(Neurilemoma; Vestibular Schwannoma; Acoustic Schwannoma)
Acoustic Neuroma – Definition
An acoustic neuroma is a tumor that grows on the nerve leading from the brainstem to the ear. This nerve play a role in hearing and maintaining your balance. Acoustic neuromas grow relatively slowly. It is a benign tumor which mean it is not cancer. However, this condition can still cause serious problems.
Acoustic Neuroma – Causes
The exact cause of an acoustic neuroma is unknown.
Acoustic Neuroma – Risk Factors
Factors that may increase your chance of an acoustic neuroma include:
- Age: 30-60 (average age of diagnosis is 50)

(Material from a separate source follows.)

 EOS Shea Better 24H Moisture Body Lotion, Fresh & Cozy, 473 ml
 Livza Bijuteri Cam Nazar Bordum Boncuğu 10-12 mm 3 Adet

- History of the disease neurofibromatosis type 2 (NF2)
- Family history of NF2
Acoustic Neuroma – Symptoms
The first symptoms of an acoustic neuroma include:
- Gradual hearing loss in one ear with near normal hearing in the other ear
- Decrease in sound discrimination, especially when talking on the telephone
- Ringing in the affected ear, called tinnitus
As the neuroma gradually grows larger, symptoms may include:
- Balance problems
- Facial numbness and tingling
- Weakness of the facial muscles on the side of the tumor
If headaches or mental confusion occurs, the tumor may be life-threatening. Call your doctor right away.
Acoustic Neuroma – Diagnosis
The doctor will ask about your symptoms and medical history. Your ears will be examined. Your doctor will also do tests for your nervous system. Tests may include:
- Audiogram — a test that measures hearing in both ears
- Auditory brainstem response test — a test that measures the rate of electric impulses traveling from the inner ear to the brainstem, almost always abnormal in the presence of an acoustic neuroma
- Electronystagmography — Cold and warm water or air is inserted in the ear canal, and the resulting dizziness and rapid eye movement are recorded.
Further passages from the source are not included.